Work to complete
No pictures should be carried over. Output all other parts of the entries verbatim.

Records to process
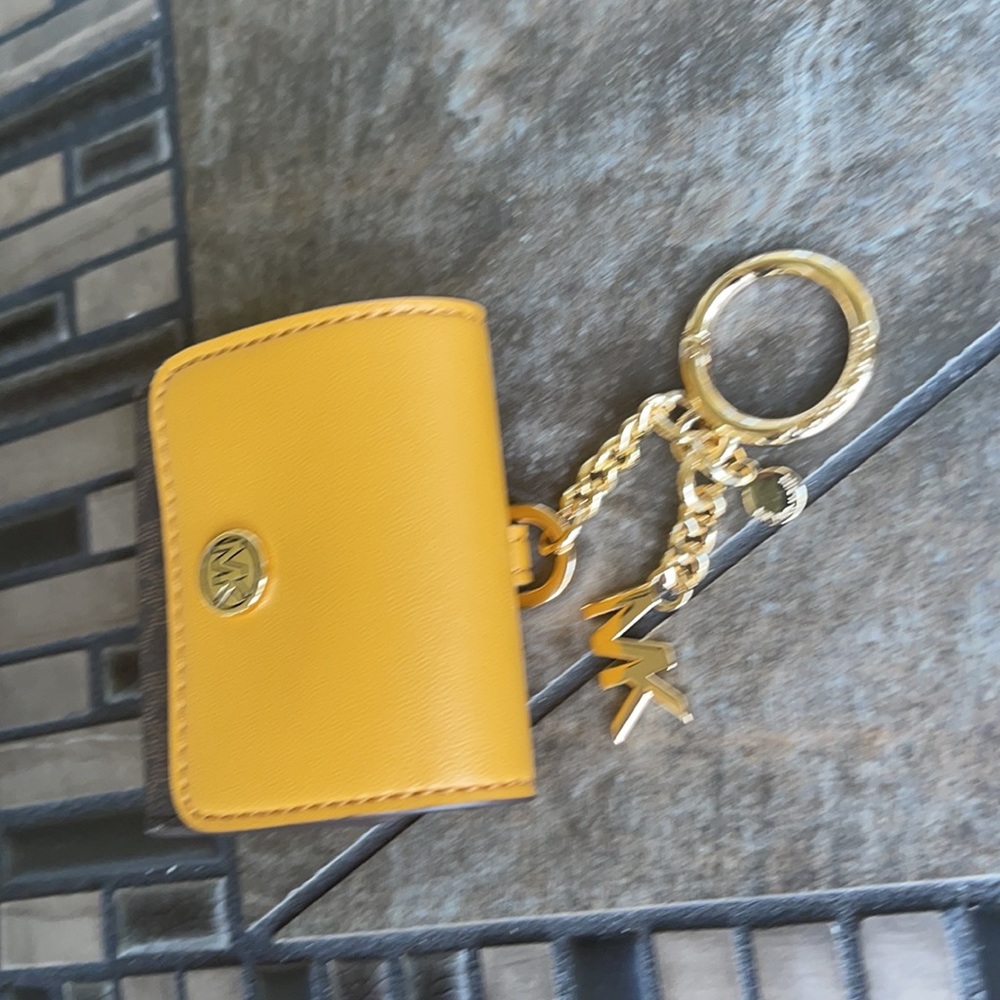 Michael Kors Jet Set Travel AirPod Case - Picture 4 of 16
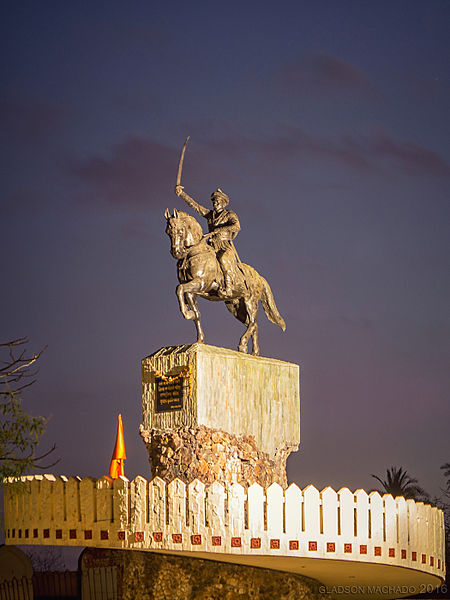 File:Chimaji Appa Statue 01.jpg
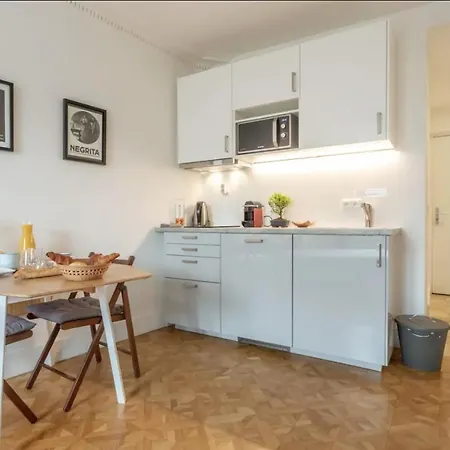 Guest house Alexis' Apartments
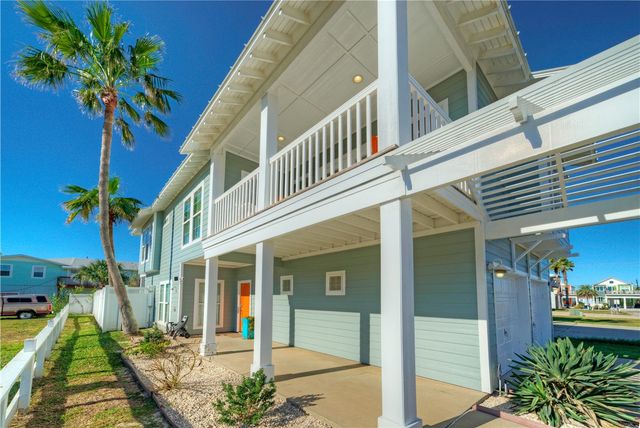 628 Banyan Beach Dr, Port Aransas, TX 78373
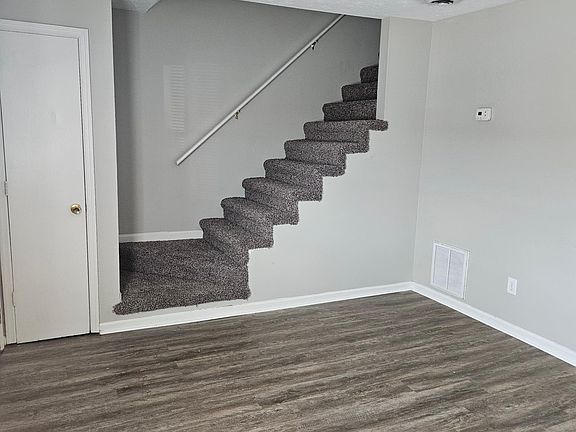 2nd image of 1660 Foxhaven Dr #34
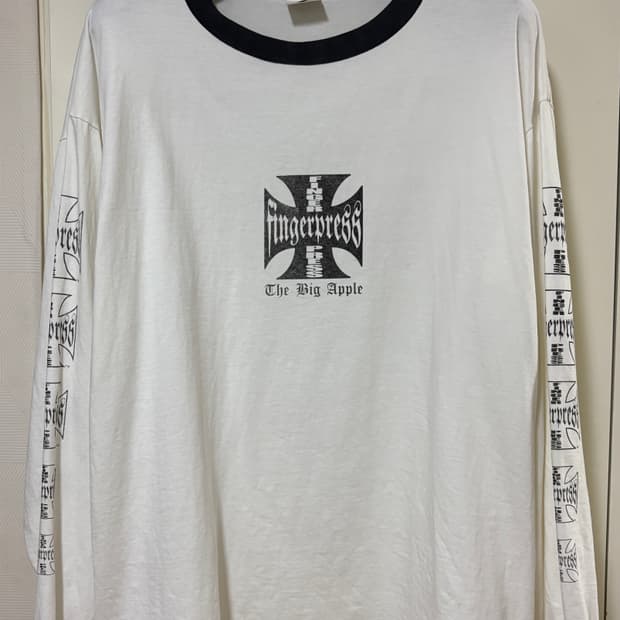 도넛리벤지 fp logo www 롱슬리브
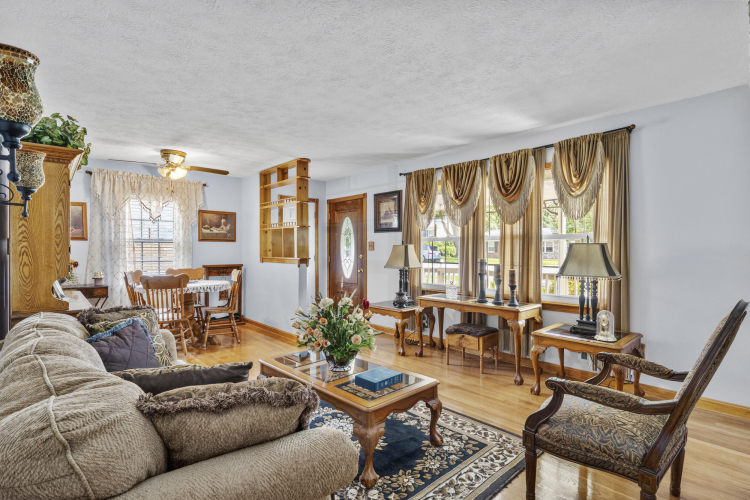 Listing Image 8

The completed task
 Michael Kors Jet Set Travel AirPod Case - Picture 4 of 16
 File:Chimaji Appa Statue 01.jpg
 Guest house Alexis' Apartments
 628 Banyan Beach Dr, Port Aransas, TX 78373
 2nd image of 1660 Foxhaven Dr #34
 도넛리벤지 fp logo www 롱슬리브
 Listing Image 8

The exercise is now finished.